I also went long lithium by buying all the junior exploration companies operating in Quebec: Critical Elements, Nemaska Lithium and Natan Resources. I’ll let you know shortly how I narrowed it down to those three companies.

Disclosure: I am long AYA, CDH, CRE, MEG, NMX, NRL, PPY. Not for republication on Seeking Alpha.

MEG Energy: Tough But Good Decision

MEG Energy had a very good run since OPEC’s deal late last November. This all came crashing down on January 12: The company announced an ambitious refinancing and growth plan. First, here is what we know as of now:

  • The credit facility’s maturity date is extended to November 5, 2021;
  • The amended credit facility will permit certain opportunities to de-lever without lender’s consent;
  • The $1.2B term loan will be refinanced to extend its maturity (no word yet on pricing and due date);
  • The $750M notes due 2021 will be refinanced (unchanged at 6.50%) and extended to 2025;
  • The company will issue over 66 million shares for C$7.75 apiece.
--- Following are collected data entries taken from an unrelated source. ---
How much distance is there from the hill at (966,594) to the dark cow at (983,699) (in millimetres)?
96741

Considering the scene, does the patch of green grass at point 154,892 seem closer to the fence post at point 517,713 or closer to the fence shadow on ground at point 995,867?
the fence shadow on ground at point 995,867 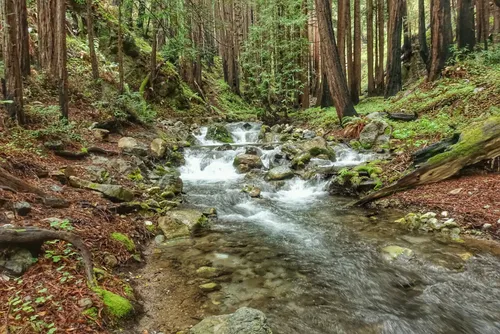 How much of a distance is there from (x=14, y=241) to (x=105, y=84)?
12097 millimetres

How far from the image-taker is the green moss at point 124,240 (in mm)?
4449

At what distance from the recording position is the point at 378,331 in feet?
10.6

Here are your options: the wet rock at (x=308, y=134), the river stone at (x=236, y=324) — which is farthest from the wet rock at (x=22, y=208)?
the wet rock at (x=308, y=134)

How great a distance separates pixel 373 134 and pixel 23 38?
10998mm

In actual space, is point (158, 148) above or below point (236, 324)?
above

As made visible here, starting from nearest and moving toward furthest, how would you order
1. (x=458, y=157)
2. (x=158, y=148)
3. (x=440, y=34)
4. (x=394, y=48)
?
1. (x=458, y=157)
2. (x=158, y=148)
3. (x=440, y=34)
4. (x=394, y=48)

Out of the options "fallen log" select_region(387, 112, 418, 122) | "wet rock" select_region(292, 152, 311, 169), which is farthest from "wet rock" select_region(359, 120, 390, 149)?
"wet rock" select_region(292, 152, 311, 169)

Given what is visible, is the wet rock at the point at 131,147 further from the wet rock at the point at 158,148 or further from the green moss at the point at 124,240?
the green moss at the point at 124,240

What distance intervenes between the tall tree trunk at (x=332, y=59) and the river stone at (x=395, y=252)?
8.60 meters

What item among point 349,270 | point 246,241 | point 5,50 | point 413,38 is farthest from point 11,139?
point 413,38

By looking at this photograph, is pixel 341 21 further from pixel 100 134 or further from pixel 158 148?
pixel 100 134

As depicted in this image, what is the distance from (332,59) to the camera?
40.0 ft

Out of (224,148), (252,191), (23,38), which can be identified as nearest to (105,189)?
(252,191)

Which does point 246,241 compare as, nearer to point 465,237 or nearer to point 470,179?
point 465,237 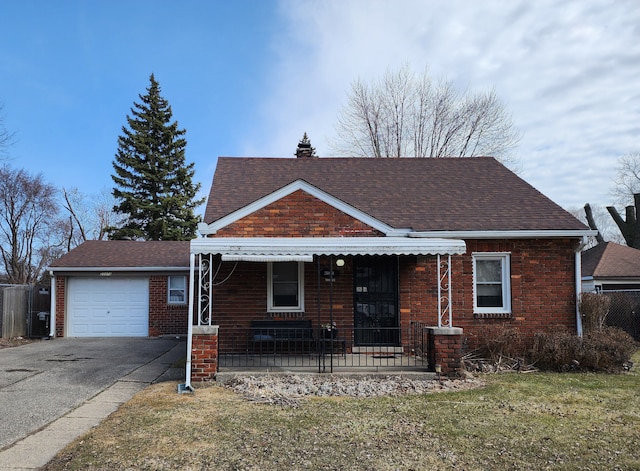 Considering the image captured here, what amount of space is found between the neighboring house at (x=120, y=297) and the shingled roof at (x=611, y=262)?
1607 cm

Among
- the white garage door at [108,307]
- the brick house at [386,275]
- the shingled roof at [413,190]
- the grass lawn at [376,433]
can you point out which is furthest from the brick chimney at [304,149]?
the grass lawn at [376,433]

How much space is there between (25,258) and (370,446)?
31782 mm

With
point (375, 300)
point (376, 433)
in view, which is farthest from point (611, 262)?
point (376, 433)

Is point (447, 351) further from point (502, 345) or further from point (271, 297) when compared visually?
point (271, 297)

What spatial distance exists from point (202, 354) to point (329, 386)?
2.35 meters

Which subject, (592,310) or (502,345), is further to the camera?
(592,310)

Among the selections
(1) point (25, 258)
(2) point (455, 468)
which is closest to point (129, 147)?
(1) point (25, 258)

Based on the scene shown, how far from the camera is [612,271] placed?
20.0 m

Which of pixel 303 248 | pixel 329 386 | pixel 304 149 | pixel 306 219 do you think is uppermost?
pixel 304 149

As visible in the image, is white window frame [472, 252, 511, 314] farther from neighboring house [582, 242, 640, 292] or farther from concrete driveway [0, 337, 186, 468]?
neighboring house [582, 242, 640, 292]

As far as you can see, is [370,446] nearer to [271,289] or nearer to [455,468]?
[455,468]

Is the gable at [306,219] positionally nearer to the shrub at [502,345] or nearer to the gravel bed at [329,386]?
the shrub at [502,345]

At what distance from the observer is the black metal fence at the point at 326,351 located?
33.2 ft

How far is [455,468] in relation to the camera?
512 centimetres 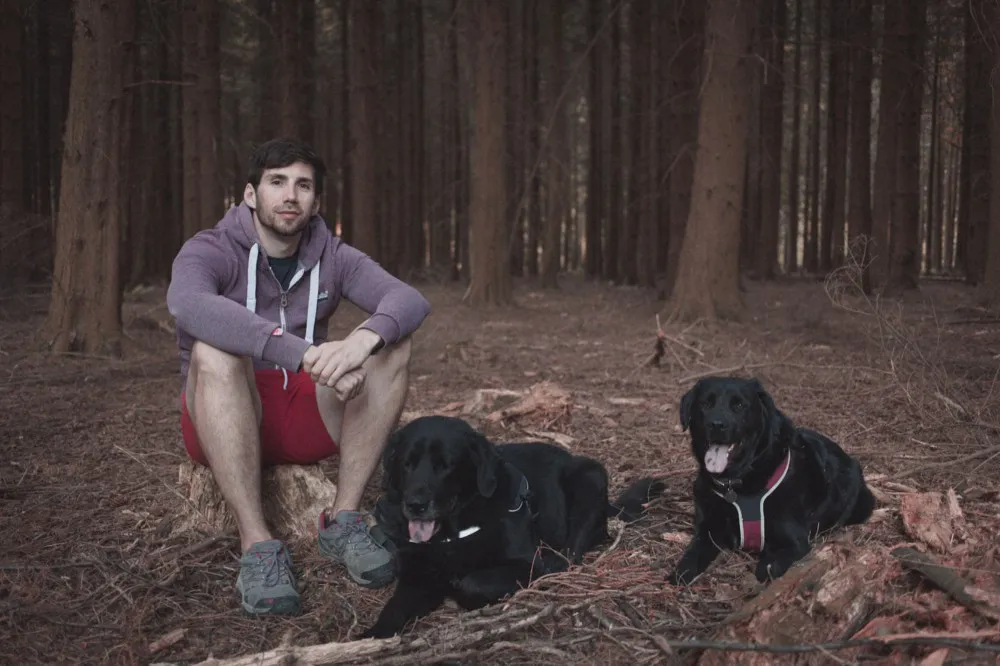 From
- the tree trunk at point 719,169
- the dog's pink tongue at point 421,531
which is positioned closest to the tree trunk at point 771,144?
the tree trunk at point 719,169

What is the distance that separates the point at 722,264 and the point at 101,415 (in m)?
7.38

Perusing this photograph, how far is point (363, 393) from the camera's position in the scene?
3.99m

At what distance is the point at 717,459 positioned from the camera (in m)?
3.76

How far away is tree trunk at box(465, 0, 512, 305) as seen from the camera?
14.1 metres

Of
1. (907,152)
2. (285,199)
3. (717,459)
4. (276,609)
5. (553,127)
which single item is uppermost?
(553,127)

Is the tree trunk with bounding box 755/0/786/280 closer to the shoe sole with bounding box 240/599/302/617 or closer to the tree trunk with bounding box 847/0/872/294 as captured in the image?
the tree trunk with bounding box 847/0/872/294

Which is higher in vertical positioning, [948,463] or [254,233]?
[254,233]

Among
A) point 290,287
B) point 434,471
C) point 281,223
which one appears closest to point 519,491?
point 434,471

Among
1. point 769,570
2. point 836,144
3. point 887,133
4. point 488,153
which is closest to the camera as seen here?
point 769,570

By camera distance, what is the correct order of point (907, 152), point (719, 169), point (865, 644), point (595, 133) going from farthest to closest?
point (595, 133) → point (907, 152) → point (719, 169) → point (865, 644)

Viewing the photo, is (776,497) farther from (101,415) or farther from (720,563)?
(101,415)

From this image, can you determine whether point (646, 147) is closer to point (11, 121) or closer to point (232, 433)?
point (11, 121)

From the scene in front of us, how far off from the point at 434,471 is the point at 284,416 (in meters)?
1.04

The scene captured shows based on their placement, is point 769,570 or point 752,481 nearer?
point 769,570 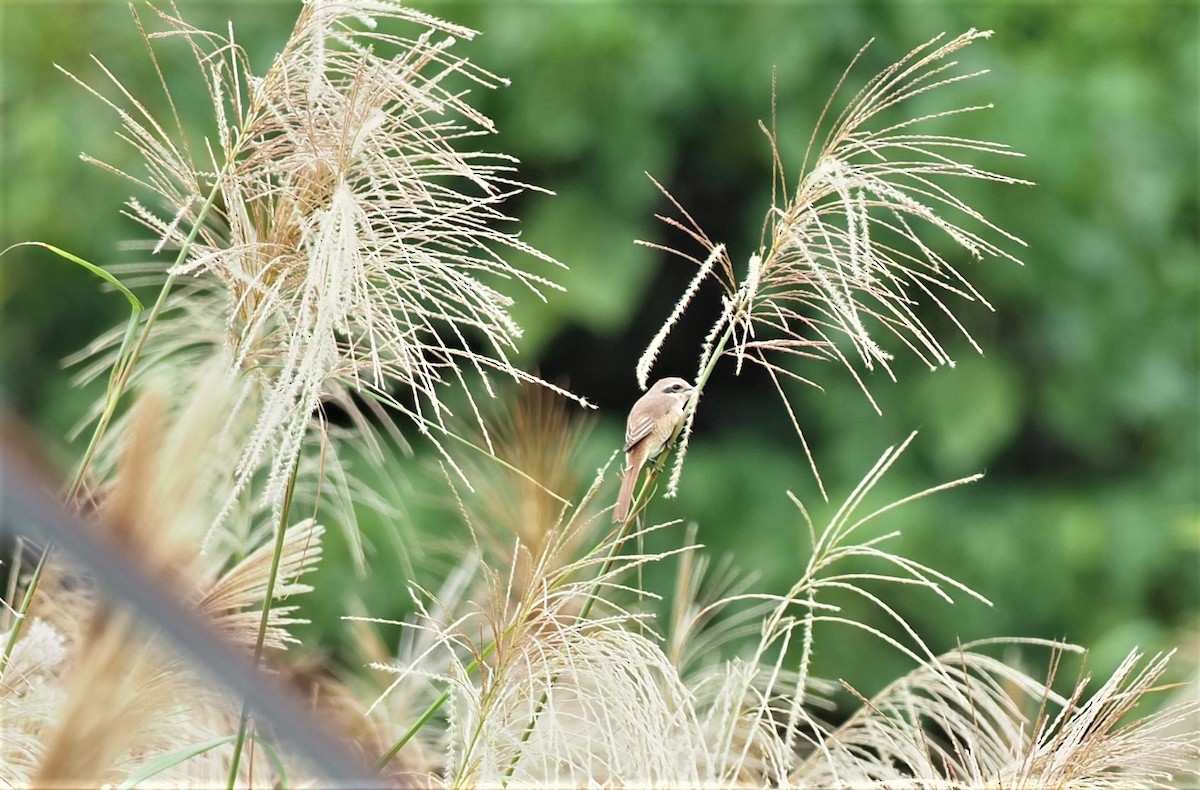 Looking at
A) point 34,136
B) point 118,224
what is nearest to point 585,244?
point 118,224

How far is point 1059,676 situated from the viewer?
3963 millimetres

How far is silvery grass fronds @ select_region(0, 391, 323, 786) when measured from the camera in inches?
22.4

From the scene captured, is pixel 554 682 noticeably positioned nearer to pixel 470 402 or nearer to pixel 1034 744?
pixel 470 402

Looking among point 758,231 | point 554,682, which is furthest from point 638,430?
point 758,231

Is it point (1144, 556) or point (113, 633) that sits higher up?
point (113, 633)

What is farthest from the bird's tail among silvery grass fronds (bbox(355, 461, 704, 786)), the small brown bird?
silvery grass fronds (bbox(355, 461, 704, 786))

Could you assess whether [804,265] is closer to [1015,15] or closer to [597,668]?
[597,668]

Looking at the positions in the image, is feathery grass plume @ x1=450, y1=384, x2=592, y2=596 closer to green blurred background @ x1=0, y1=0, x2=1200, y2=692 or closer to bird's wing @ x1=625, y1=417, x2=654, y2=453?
bird's wing @ x1=625, y1=417, x2=654, y2=453

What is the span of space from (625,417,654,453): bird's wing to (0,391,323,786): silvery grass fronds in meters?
0.49

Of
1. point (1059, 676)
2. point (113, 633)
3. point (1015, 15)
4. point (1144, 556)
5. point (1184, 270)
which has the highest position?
point (1015, 15)

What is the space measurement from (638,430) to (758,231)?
9.67 feet

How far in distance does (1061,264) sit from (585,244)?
168 cm

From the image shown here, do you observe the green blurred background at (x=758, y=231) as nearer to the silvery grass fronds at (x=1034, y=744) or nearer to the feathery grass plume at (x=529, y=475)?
the feathery grass plume at (x=529, y=475)

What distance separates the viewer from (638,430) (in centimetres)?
151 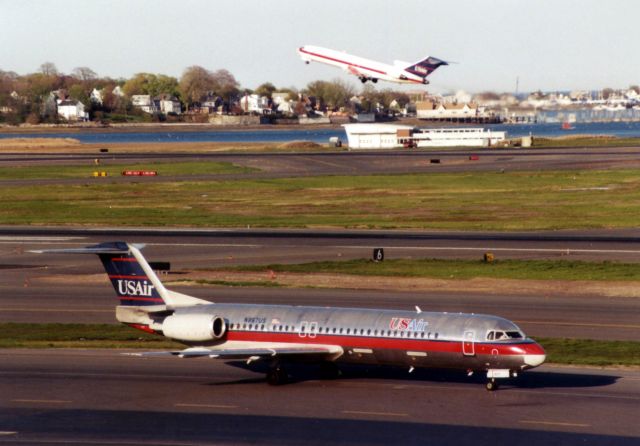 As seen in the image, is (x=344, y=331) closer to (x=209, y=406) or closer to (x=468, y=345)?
(x=468, y=345)

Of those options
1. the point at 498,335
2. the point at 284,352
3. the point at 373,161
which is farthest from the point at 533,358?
the point at 373,161

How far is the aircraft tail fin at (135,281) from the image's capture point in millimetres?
45250

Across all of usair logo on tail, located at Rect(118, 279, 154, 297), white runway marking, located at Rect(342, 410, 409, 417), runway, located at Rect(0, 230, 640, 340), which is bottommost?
runway, located at Rect(0, 230, 640, 340)

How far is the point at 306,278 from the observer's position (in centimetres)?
6906

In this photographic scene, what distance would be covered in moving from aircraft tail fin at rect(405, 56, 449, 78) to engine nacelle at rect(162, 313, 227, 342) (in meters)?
140

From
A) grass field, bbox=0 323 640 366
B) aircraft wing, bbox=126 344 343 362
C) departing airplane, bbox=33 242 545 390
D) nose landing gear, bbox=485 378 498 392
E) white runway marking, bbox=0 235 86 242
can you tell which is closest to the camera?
departing airplane, bbox=33 242 545 390

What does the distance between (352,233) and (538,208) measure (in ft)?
77.9

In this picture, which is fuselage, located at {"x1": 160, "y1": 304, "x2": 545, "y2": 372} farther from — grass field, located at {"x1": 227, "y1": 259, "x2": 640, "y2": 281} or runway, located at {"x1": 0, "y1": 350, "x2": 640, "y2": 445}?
grass field, located at {"x1": 227, "y1": 259, "x2": 640, "y2": 281}

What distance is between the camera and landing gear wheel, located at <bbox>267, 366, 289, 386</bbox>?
139 feet

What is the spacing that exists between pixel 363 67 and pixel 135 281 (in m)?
143

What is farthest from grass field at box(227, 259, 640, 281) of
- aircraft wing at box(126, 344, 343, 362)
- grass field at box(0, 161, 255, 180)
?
grass field at box(0, 161, 255, 180)

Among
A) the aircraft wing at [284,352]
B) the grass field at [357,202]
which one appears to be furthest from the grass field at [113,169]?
the aircraft wing at [284,352]

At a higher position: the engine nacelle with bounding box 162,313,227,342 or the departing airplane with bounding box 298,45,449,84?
the departing airplane with bounding box 298,45,449,84

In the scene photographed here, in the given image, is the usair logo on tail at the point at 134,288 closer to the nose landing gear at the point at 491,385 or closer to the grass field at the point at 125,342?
the grass field at the point at 125,342
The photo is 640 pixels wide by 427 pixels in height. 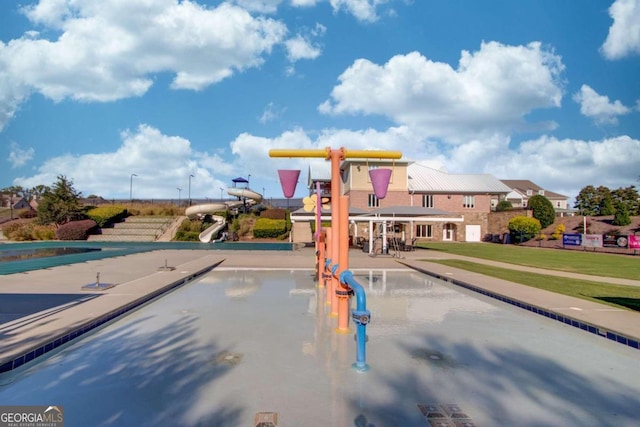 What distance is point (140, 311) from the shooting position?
7371 mm

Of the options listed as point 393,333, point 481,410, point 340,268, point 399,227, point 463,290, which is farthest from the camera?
point 399,227

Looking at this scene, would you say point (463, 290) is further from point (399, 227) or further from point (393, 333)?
point (399, 227)

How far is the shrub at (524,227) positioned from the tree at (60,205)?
39.5 meters

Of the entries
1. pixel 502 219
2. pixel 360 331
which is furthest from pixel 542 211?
pixel 360 331

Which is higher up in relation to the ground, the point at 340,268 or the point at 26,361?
the point at 340,268

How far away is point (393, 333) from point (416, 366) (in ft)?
4.84

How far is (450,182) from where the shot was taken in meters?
40.2

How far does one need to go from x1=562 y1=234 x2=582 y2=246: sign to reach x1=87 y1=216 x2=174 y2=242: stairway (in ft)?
112

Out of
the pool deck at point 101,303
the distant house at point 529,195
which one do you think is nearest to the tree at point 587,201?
the distant house at point 529,195

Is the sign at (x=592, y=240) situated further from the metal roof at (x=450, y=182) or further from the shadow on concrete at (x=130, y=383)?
the shadow on concrete at (x=130, y=383)

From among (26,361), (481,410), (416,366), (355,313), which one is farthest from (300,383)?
(26,361)

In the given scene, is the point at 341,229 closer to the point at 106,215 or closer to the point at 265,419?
the point at 265,419

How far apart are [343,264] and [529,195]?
75.5 metres

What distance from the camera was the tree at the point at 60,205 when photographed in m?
31.2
All over-leveraged energy E&P companies I know had to issue shares and dilute existing shareholders to survive. The share count will increase 30% in our case. I think overall this is good news despite what the market thinks (bad news). I understand the reaction:

  • First and foremost: the Access Pipeline still isn’t sold;
  • The current 2017 production guidance points to lower production;
  • The massive growth capital program (C$320M in 2017 and C$80M in 2018) will reach full capacity only in early 2019;
  • The company is committed to paying more in financing costs with extended maturities.

This confirms that the company wasn’t able to sell the pipeline because of its credit profile. The market is missing something however. There is now renewed hope the sale will go through because of this refinancing plan:

  • Extended maturity dates;
  • 25% growth to 100,000 bopd in two years;
  • MEG’s shares are in strong demand from what we saw last week;
  • OPEC’s changing stance concerning oil prices;
  • Lower cash costs by 2019.

All of this should help convince institutional investors that now is the time to buy the pipeline. For me, the pipeline sale is the biggest catalyst yet to come. And this refinancing plan is another step towards its realization.

I added to my position on January 12.

Disclosure: I am long MEG. Not for republication on Seeking Alpha.